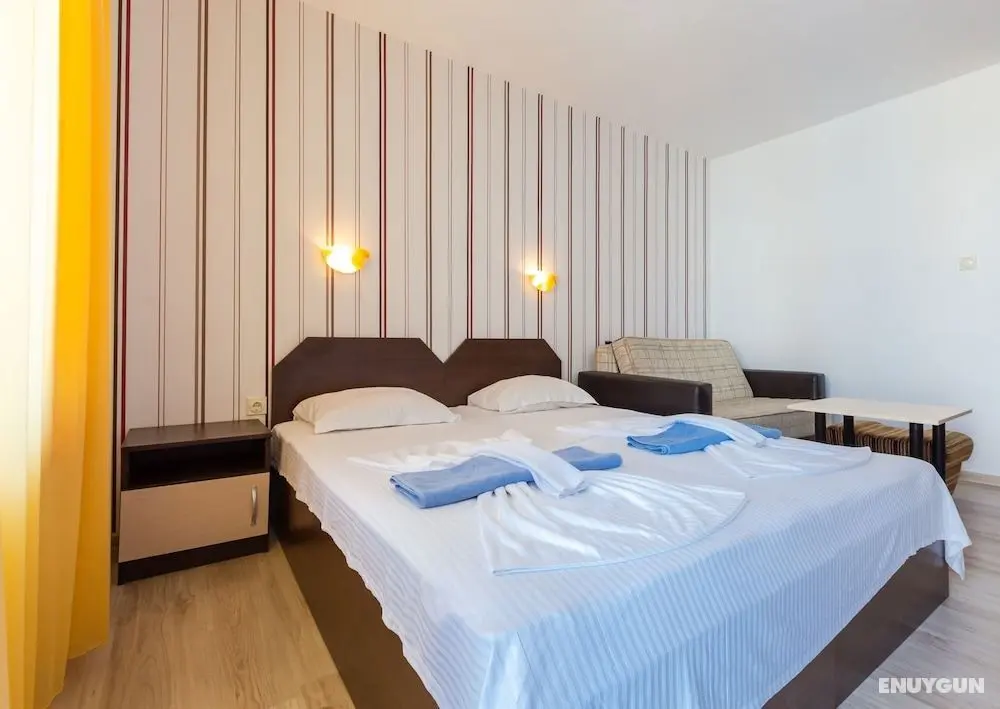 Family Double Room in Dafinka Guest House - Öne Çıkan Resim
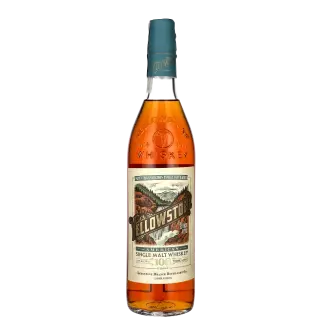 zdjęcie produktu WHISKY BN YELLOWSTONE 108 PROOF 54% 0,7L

---

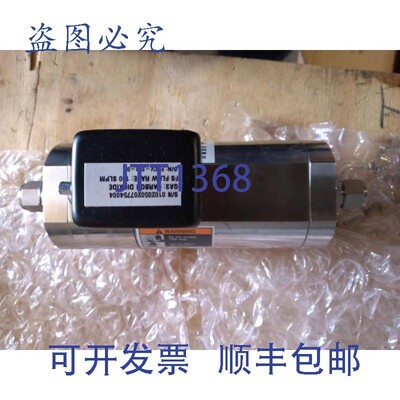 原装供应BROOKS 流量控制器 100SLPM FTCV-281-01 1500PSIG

---

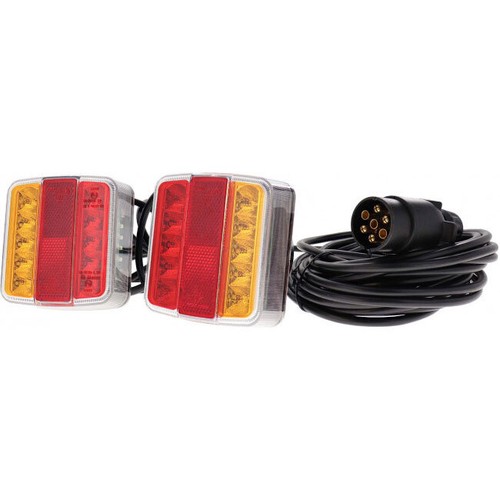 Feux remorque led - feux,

→ **Exercise instructions**
Nothing but the lines above from the line with "Family Double Room" up to and including the line with "zdjęcie produktu WHISKY" should be returned, exactly as written and without pictures.

→ **Exercise output**
 Family Double Room in Dafinka Guest House - Öne Çıkan Resim
 zdjęcie produktu WHISKY BN YELLOWSTONE 108 PROOF 54% 0,7L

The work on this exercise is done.